Let $G$ be a doubly transitive subgroup of $S_n$ which contains an $n$-cycle, and let $G_{12}$ be the subgroup of $G$ consisting of all elements $g\in G$ for which $g(1)=1$ and $g(2)=2$. Then $G_{12}$ has an orbit on $\{3,4,...,n\}$ which is preserved by $N_{12}$, where $N$ is the normalizer of $G$ in $S_n$.

I can prove this by using the classification of doubly transitive groups with an $n$-cycle, which depends on the classification of finite simple groups. But I think there should be a 5-line proof which uses nothing more than the definition of double transitivity. Can anyone find such a proof?

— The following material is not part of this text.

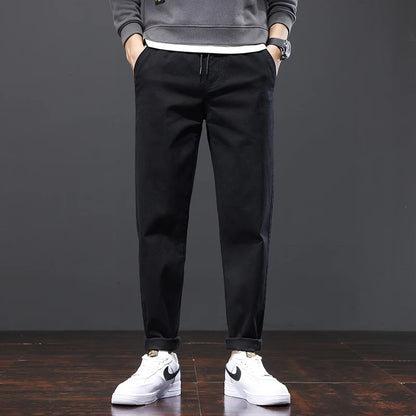 Herren Hose aus Baumwolle im Casual-Stil mit gerader Passform und Taschen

The reason I believe that such a proof should exist is as follows. The main result of a 1954 paper by Uchiyama asserts that if $f(x)$ is a degree-$n$ polynomial in $\mathbf{F}_q[x]$ for which $\displaystyle\frac{f(x)-f(y)}{x-y}$ is absolutely irreducible, and if in addition the characteristic of $\mathbf{F}_q$ is sufficiently large compared to $n$, then the image set $f(\mathbf{F}_q)$ contains at least $q/2$ elements. In fact Uchiyama gives only part of the proof, and says he will give the full proof elsewhere; but his published papers do not contain the full proof. I can deduce Uchiyama's result from the group-theoretic assertion in a few lines, using tools Uchiyama knew. So I think this might be the proof he had in mind. Since he did not indicate that he used any nontrivial group theory, I suspect that if he had a proof of the group-theoretic result then it must have been very simple. The group-theoretic result is stronger than what Uchiyama needed, but still it seems like the most natural statement he might have tried to prove. I note that nowadays one can prove much more precise results than Uchiyama's by using tools developed in the past 60 years; but still it would be interesting to know whether there is indeed a simple proof along the lines I suggested, in case such a proof might provide further insights.